(Screengrab by Hayley Tsukayama)

Do you have burning shark-related questions that you want answered? Of course you do: it's Shark Week.

Well, you're in luck. Discovery's "Shark Week," the annual week-long devotion to all things sleek and, well, shark-related, is in full swing. And, this year, the company is adding something new to its extensive coverage plan -- live video chat.
Live video has been part of Shark Week for a few years now -- last year, streams pulled in more than 67,000 unique viewers. But shark-lovers this year can tune into the live camera at the National Aquarium's Blacktip Reef Shark tank not only to watch the sharks swim, but also to chat live with scheduled experts who will be fielding questions underwater. The next show will be at 3:20 p.m. on Tuesday, and viewers can submit questions on Discovery's chat or via Twitter using the hashtag #SharkDiverChat.

Or you can just tune in and watch the sharks.

Streaming video has really had its moment in the sun this year, bursting in popularity thanks to apps such as Periscope and Meerkat, plus the success of sites such as Twitch. Brands and individuals alike have turned to live video in a big way to make real-time connections.
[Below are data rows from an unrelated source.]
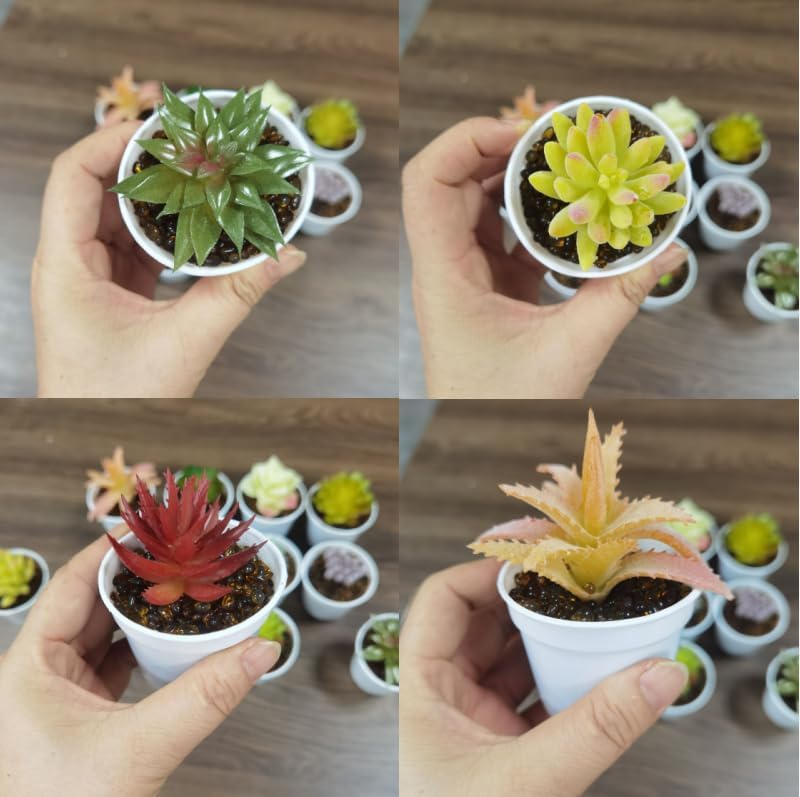 24 Piece Multicolour Artificial Succulent Set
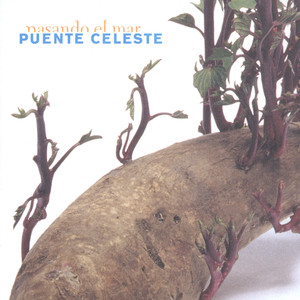 Pasando el mar cover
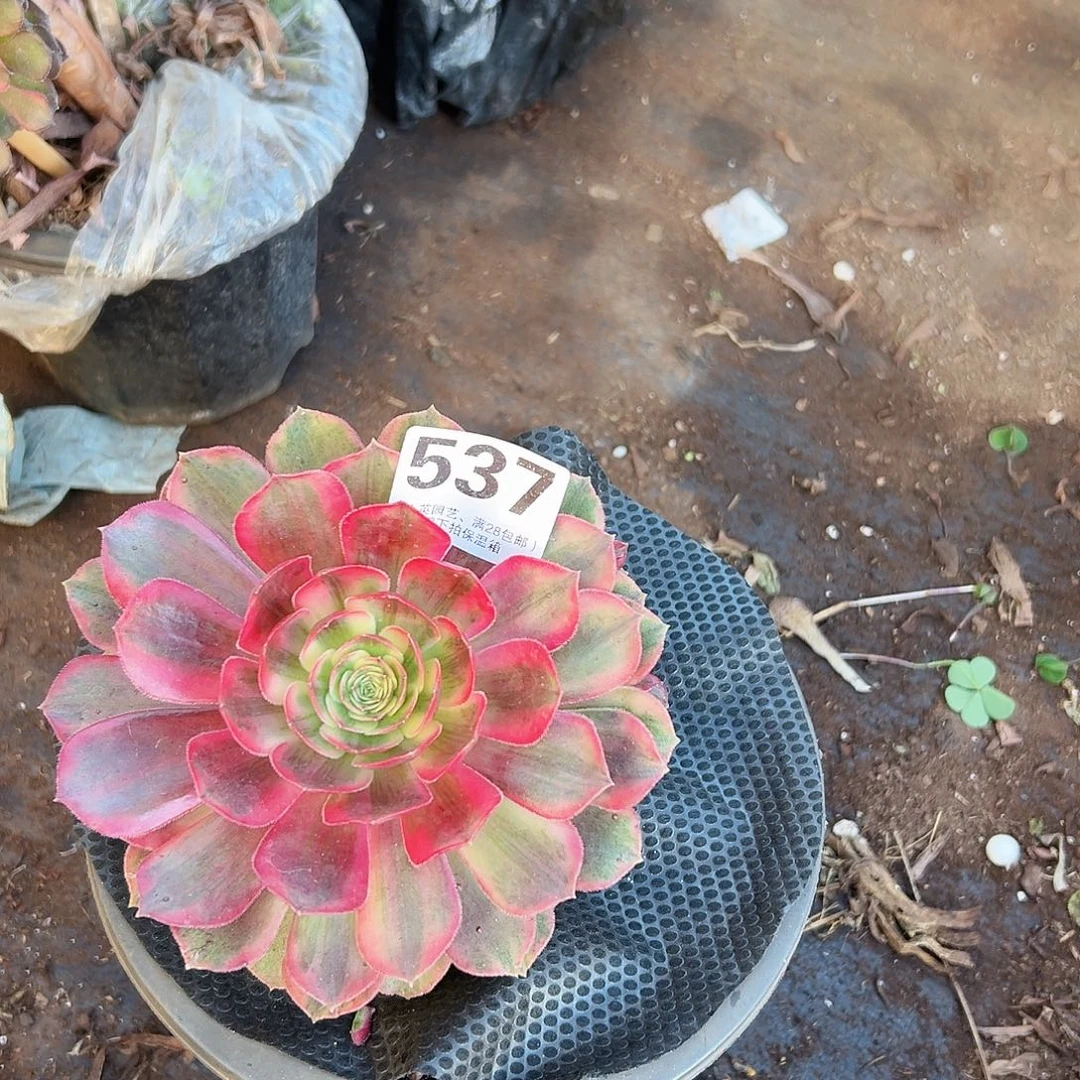 克拉恋人537多肉植物多肉植物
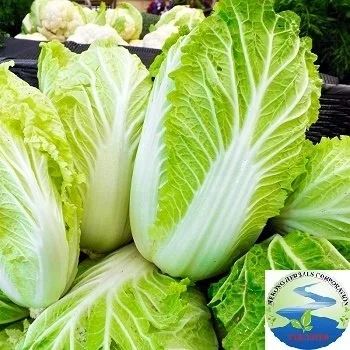 
100% Fresh Green Cabbage (Mekong Herbals) 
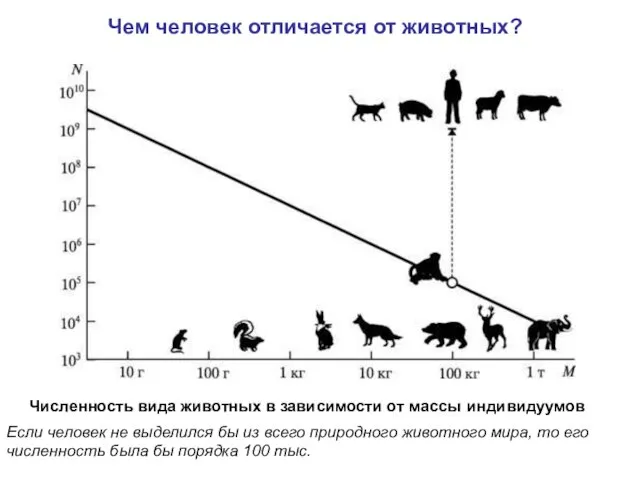 Численность вида животных в зависимости от массы индивидуумов Если человек не выделился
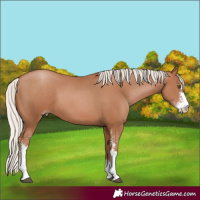 Horse Color:Silver Black Pearl Sabino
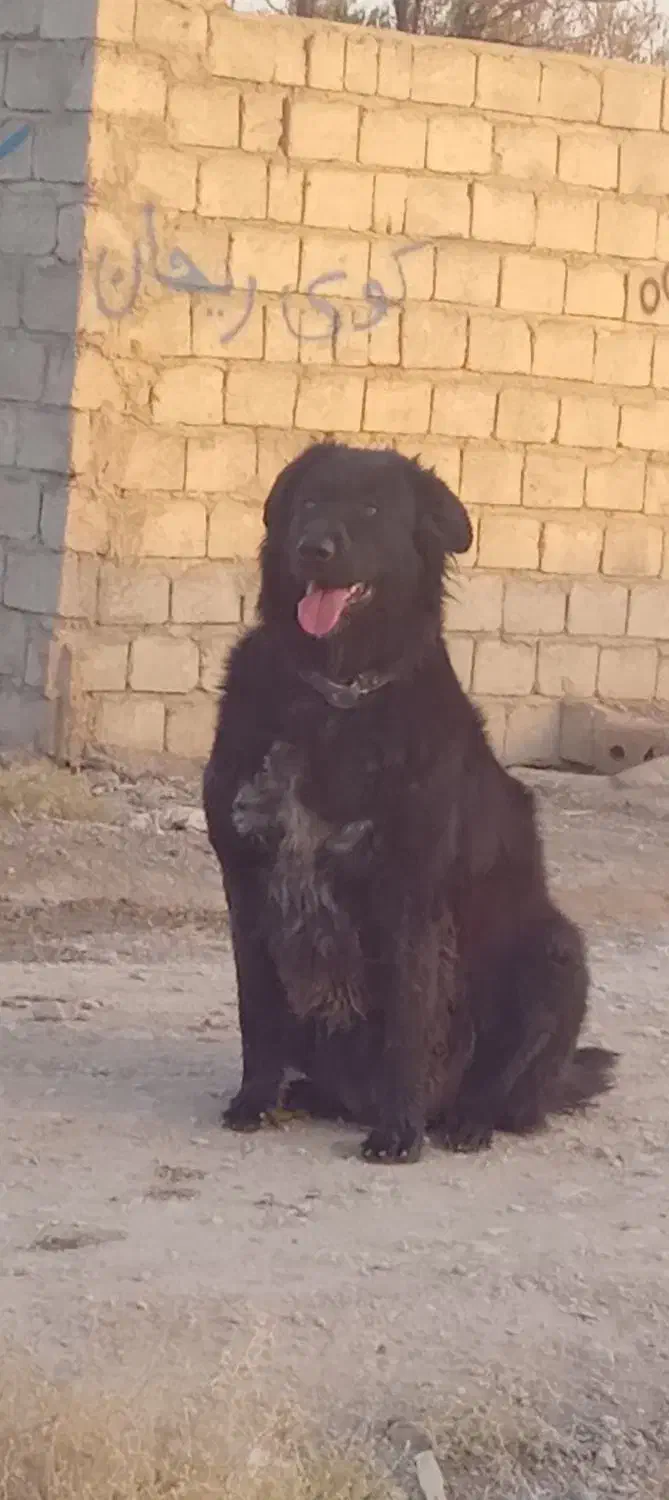 گمشده|حیوانات|نجف‌آباد, جلال آباد|دیوار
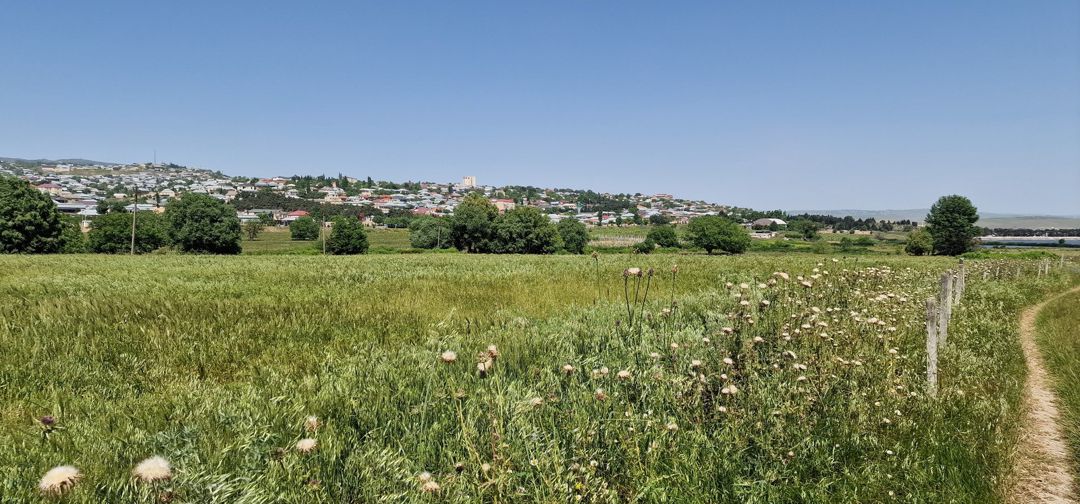 Satılır torpaq 226 sot — Torpaq, Şamaxı (10)
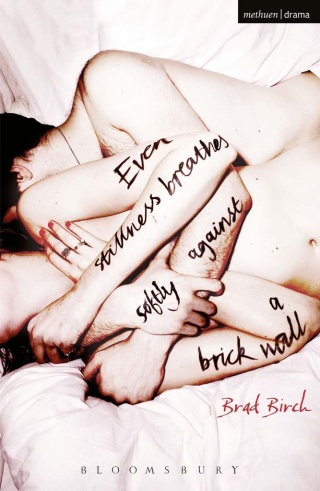 Cover image: Even Stillness Breathes Softly Against a Brick Wall 1st edition 9781472507099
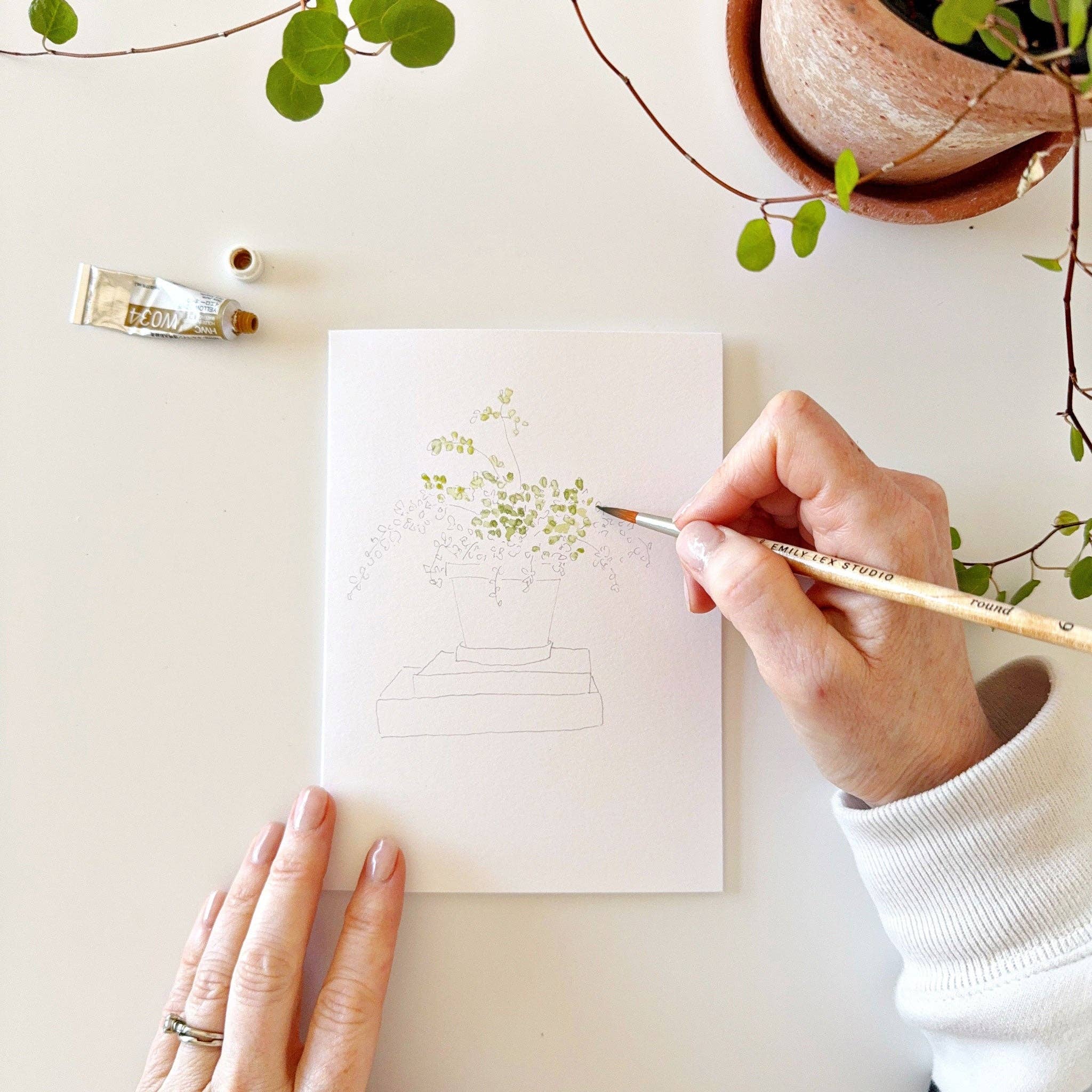 emily lex | Potted Plants Paintable Notecards - Image 10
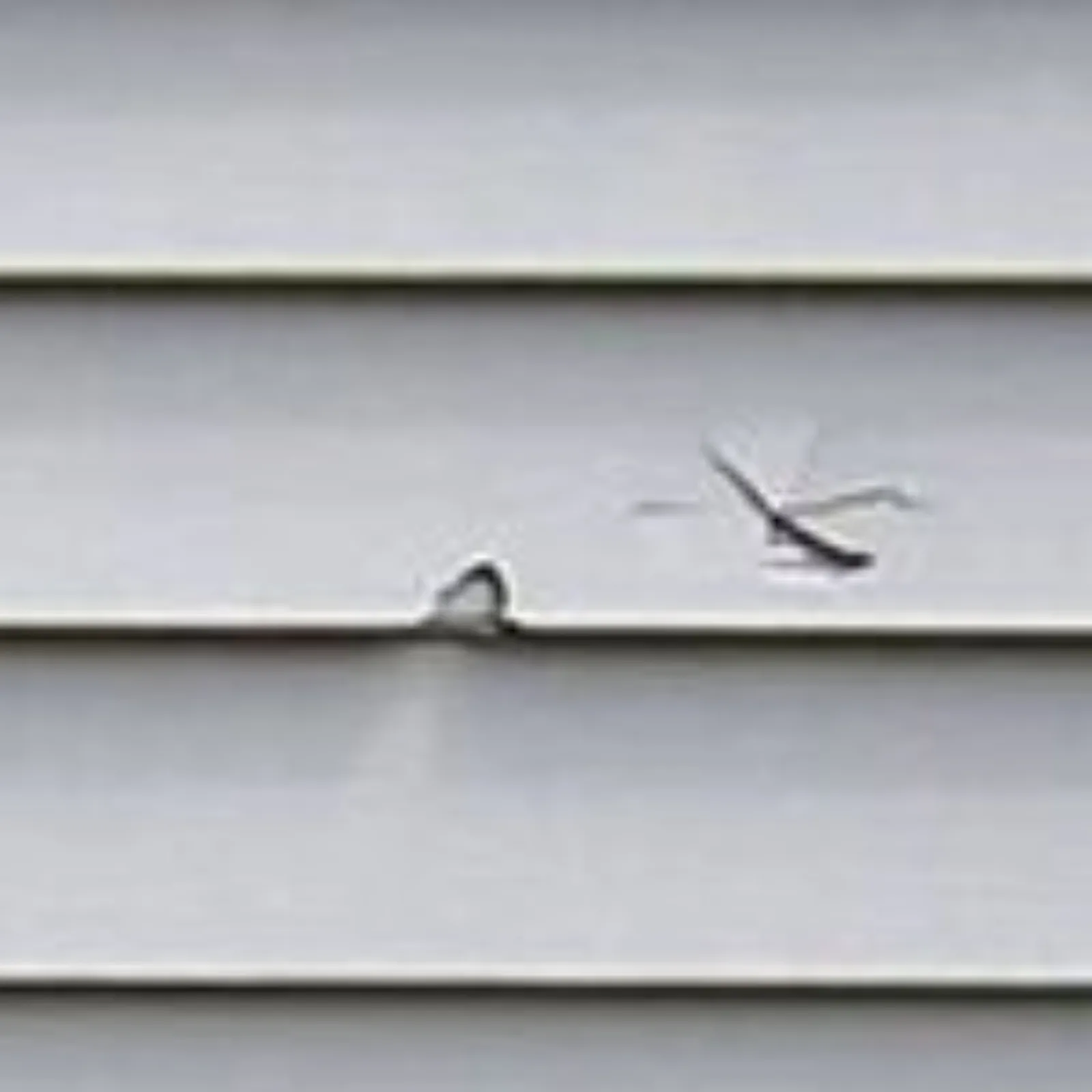 Close-up of hail puncture damage on gray vinyl siding requiring storm damage repair on a home exterior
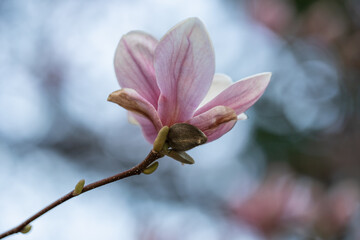 pink magnolia flowers on tree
Discovery, for example, is reaching out to viewers and the scientific community this year as part of a push to be more authentic and educational, said Jason Robey, executive interactive producer on the Shark Week team.  "The shark cams and live Q&A are important to that strategy," he said, also highlighting online efforts such as Discovery's "Sharkopedia" -- a collection of shark facts -- and a library of online clips.

The chat could also help Discovery reach out to younger viewers, as the demographics for Shark Week in general tend to be on the younger side, Robey said. "That's part of why we've built such a juggernaut on the digital and social side," he said.

[Discovery’s Shark Week has forced a TV feeding frenzy]

The camera footage is being streamed in partnership with UStream, a live video company that's been around since 2007 and has partnered with Discovery and its Animal Planet channel in the past to supply live footage for Shark Week and other events.

The steady rise of interest in streaming video has been interesting to watch over the years, said Ustream's chief executive Brad Hunstable. And traditional media companies such as Discovery are not the only ones to taken up the charge, he said. Ustream has also been getting more interest from firms that don't normally broadcast anything and that are looking to streaming video to run webinars, share product launches and more.

"We've done things with Intuit and Home Depot," he said. "With our company, a significant portion of it comes from enterprises."

Still, Discovery's Shark Week offers up a prime example of what Hunstable called "supplemental TV content," in which channels can offer extra content on your phone that goes beyond what's on TV.

In the future, Hunstable said, he expects that virtual reality will become an equally important part of the enhanced viewing experience. Imagine, if you could "swim" around the shark tank yourself -- without risk to you or any animals that may come in contact with your flippers, he said.

"You could imagine a day where this is done with virtual reality, and you could be in the aquarium," he said. "That's not too far in the future."